Es ist faszinierend, wie viele gestochen scharfe Details in diesen Großvergrößerungen von Fotos einer kleinen Kompaktkamera zu entdecken sind. Da wird das Blau der ZU-Container zum bewegten Himmel, das Gelb der Baumaschinen zum Wüstensand. Kleinste Fleckchen von Baumaschinen, Abfalltonnen oder rostigen Toren entfalten eine eigene Schönheit, die das alte künstlerische Thema von der Vergänglichkeit in neuem Licht zeigt, in ungewöhnlichem Licht. Eine größere Baustelle wie die im Fallenbrunnen birgt da ungeahnte Möglichkeiten.

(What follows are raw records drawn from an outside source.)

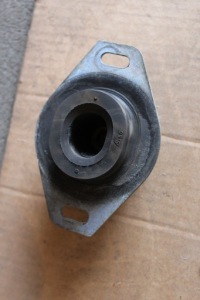 фото thumb №1, Smart forfour ii 453 2014-.. 0.9 1.0 кронштейн подушка двигуна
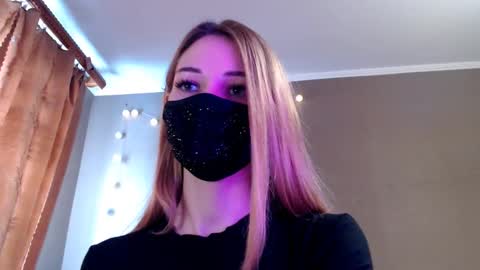 Lily online show from 02-03-26, 01:27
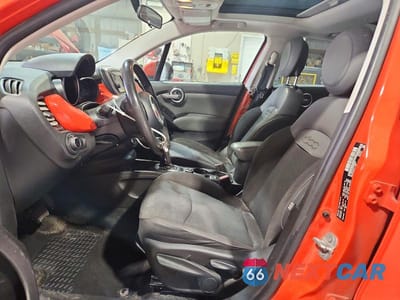 Zdjęcie 7 z 14 samochodu: 2016 FIAT 500X EASY VIN:ZFBCFYBT5GP350200 - miniatura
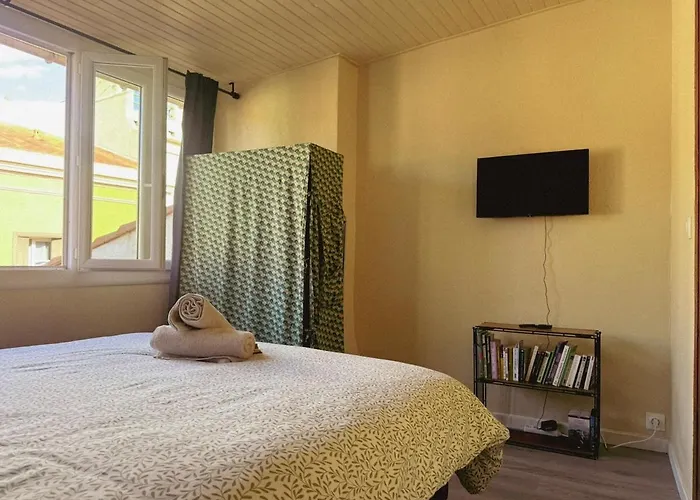 Sous Les Etoiles - Centre * بيربينيو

Längst hat die Kunst leere, vor sich hin dösende Industriegelände oder einfach nur zerfallende Häuser entdeckt, auch der Verfall hat etwas Schönes. In Uttechts Bildern ist der Verfall oft gar nicht mehr erkennbar. Durch die Vergrößerung und die Fokussierung auf bewusst ausgewählte Details geht der Zusammenhang verloren, die Bilder entfalten ein Eigenleben, werden zu irrealen Landschaften. Die Ausstellung läuft bis 21. September, geöffnet Freitag, Samstag und Sonntag von 14 bis 18 Uhr.